RLHF-Specific Modifications

Combined Loss Function:

Loss = L_PPO + β * L_KL + γ * L_entropy

Components: 1. PPO Loss: Maximize reward while staying close to previous policy 2. KL Penalty: Prevent the model from deviating too far from the reference model 3. Entropy Bonus: Encourage exploration and prevent mode collapse


Detailed Training Process

Phase 1: Rollout Generation

# Pseudocode for rollout generation
for batch in training_data:
    prompts = sample_prompts(batch)
    responses = policy_model.generate(prompts)
    rewards = reward_model.score(prompts, responses)
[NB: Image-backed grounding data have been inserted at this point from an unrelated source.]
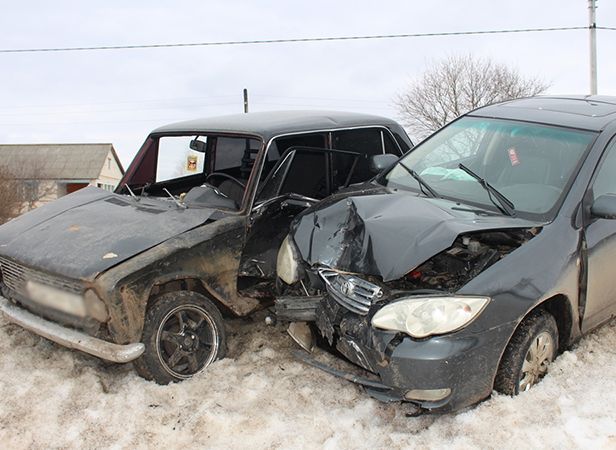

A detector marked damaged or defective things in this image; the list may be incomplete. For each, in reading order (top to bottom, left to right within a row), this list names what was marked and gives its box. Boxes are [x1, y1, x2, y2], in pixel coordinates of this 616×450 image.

broken grille [0, 256, 83, 298]
crumpled hood [0, 185, 219, 278]
shattered headlight [276, 236, 300, 284]
broken grille [320, 268, 382, 314]
crumpled hood [290, 192, 544, 282]
bent bumper [0, 298, 145, 364]
shattered headlight [370, 296, 490, 338]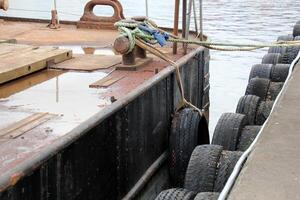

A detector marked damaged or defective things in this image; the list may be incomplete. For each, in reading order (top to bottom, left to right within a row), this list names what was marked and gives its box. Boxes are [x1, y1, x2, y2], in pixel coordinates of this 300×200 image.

rusted deck plate [0, 43, 72, 84]
rusted deck plate [52, 54, 121, 71]
rusty metal hull [0, 47, 210, 199]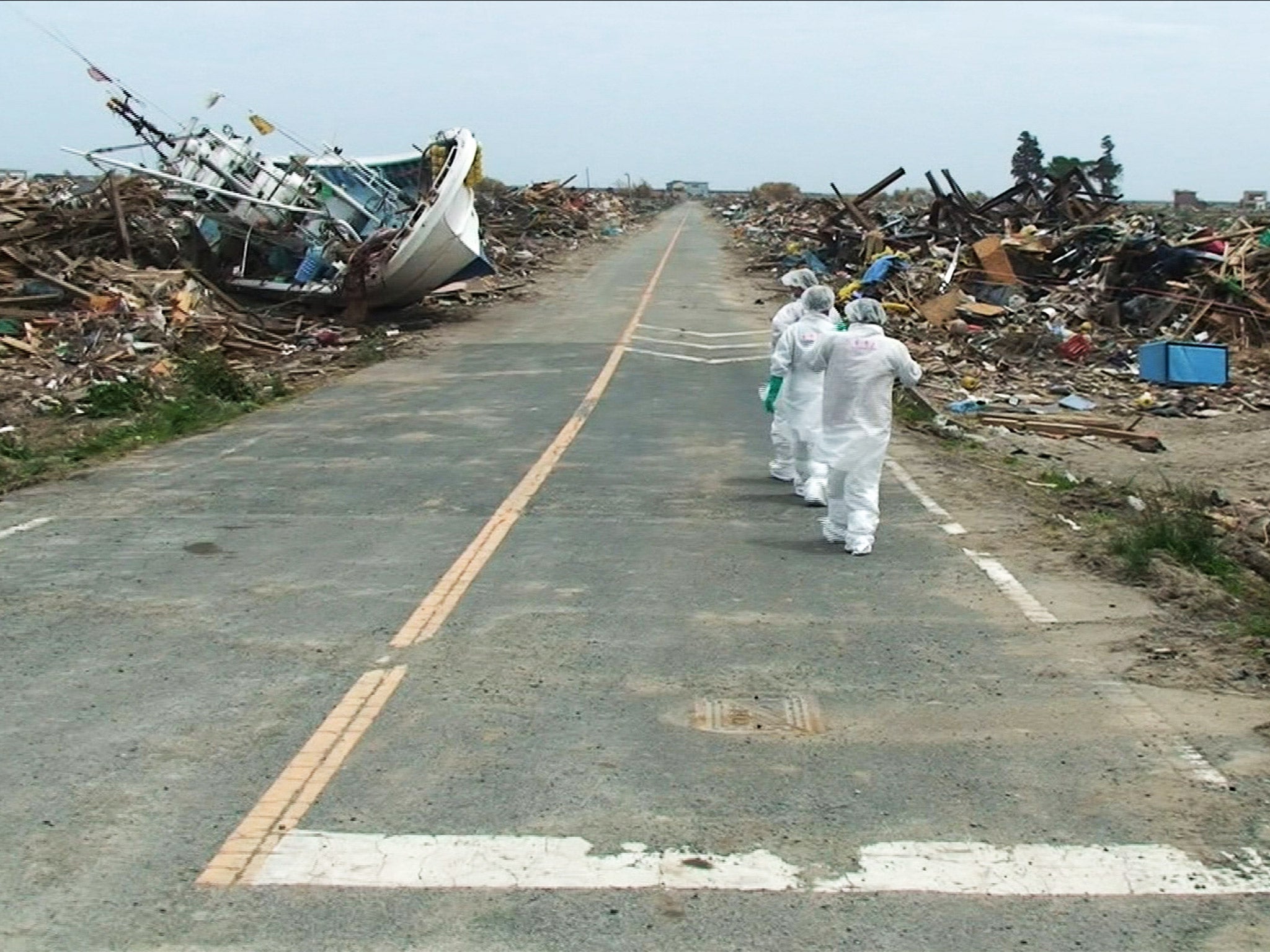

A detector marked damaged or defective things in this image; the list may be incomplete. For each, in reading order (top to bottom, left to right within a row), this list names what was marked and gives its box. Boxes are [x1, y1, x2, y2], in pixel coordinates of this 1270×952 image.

    # Calculate advantages
    advantages = calculate_advantages(rewards, values)

    # Store experience
    rollout_buffer.add(prompts, responses, rewards, advantages)

Phase 2: Policy Updates

# Pseudocode for PPO updates
for epoch in range(ppo_epochs):
    for mini_batch in rollout_buffer:
        # Calculate policy ratio
        old_log_probs = mini_batch.log_probs
        new_log_probs = policy_model.log_probs(mini_batch.responses)
        ratio = exp(new_log_probs - old_log_probs)

        # Calculate clipped loss
        clipped_ratio = clip(ratio, 1-epsilon, 1+epsilon)
        ppo_loss = -min(ratio * advantages, clipped_ratio * advantages)

        # Add KL penalty
        kl_penalty = beta * kl_divergence(policy_model, reference_model)

        # Combined loss
        total_loss = ppo_loss + kl_penalty

        # Update policy
        optimizer.step(total_loss)

Hyperparameter Tuning

Critical Parameters

Parameter Typical Range Impact
Learning Rate 1e-6 to 1e-4 Too high: instability; Too low: slow convergence
KL Coefficient (β) 0.01 to 0.1 Balance between reward and reference model similarity
Clip Epsilon (ε) 0.1 to 0.3 Controls how much the policy can change per update
Batch Size 64 to 512 Larger: more stable but slower; Smaller: faster but noisier
PPO Epochs 4 to 10 More epochs: better optimization but risk of overfitting

Dynamic Adjustments

  • Adaptive KL coefficient: Increase β if KL divergence grows too large
  • Learning rate scheduling: Decay learning rate over time
  • Early stopping: Stop if reward plateaus or KL divergence explodes

Monitoring and Debugging

Key Metrics to Track

  1. Reward Metrics:
  2. Average reward per episode
  3. Reward distribution
  4. Reward trend over time

  5. Policy Metrics:

  6. KL divergence from reference model
  7. Policy entropy (diversity of outputs)
  8. Gradient norms

  9. Training Stability:

  10. Loss convergence
  11. Policy ratio distribution
  12. Explained variance

Common Issues and Solutions

1. Reward Hacking

Symptoms: High reward scores but poor quality outputs Solutions: - Strengthen KL penalty - Improve reward model training - Add additional constraint terms

2. Mode Collapse

Symptoms: Model produces repetitive, safe responses Solutions: - Increase entropy bonus - Reduce KL coefficient - Use diverse training prompts

3. Training Instability

Symptoms: Erratic loss curves, NaN values Solutions: - Reduce learning rate - Increase gradient clipping - Check for numerical overflow


Practical Example

Let's trace through a concrete training step:

PPO Training Step

Input Prompt: "Explain the concept of gravity to a 5-year-old"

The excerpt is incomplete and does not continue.